## Data for analysis
══════════════════════════════

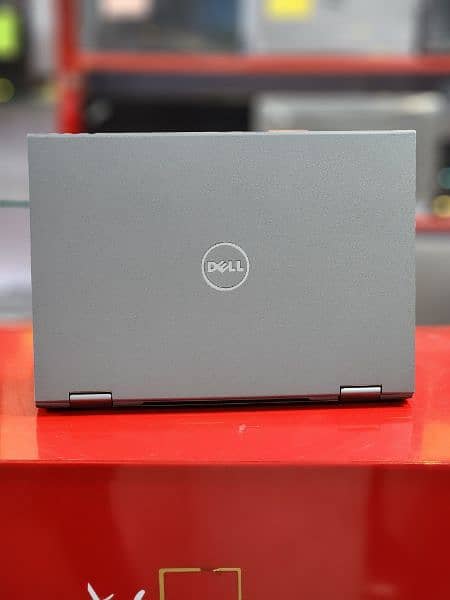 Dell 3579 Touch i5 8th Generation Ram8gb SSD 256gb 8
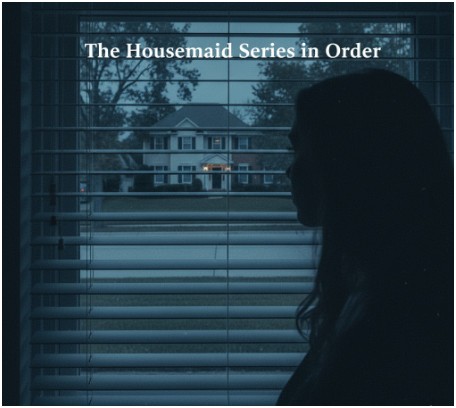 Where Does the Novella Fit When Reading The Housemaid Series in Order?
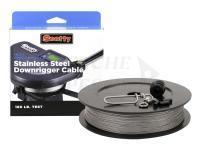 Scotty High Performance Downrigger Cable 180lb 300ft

══════════════════════════════

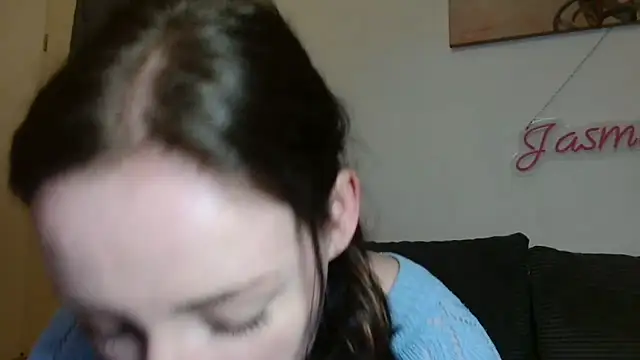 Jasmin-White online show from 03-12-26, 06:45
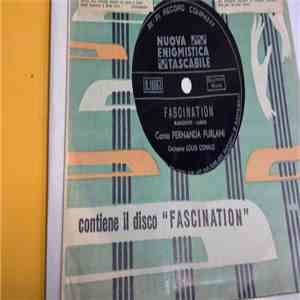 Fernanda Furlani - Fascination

══════════════════════════════

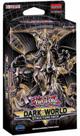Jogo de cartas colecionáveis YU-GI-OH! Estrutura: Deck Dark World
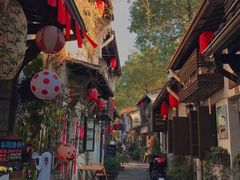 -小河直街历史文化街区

══════════════════════════════

## Task prompt
For this task, return exactly the stretch of the listing above from the line with "Dell 3579 Touch" through the line with "Scotty High Performance", inclusive and without pictures.

## Exercise result
 Dell 3579 Touch i5 8th Generation Ram8gb SSD 256gb 8
 Where Does the Novella Fit When Reading The Housemaid Series in Order?
 Scotty High Performance Downrigger Cable 180lb 300ft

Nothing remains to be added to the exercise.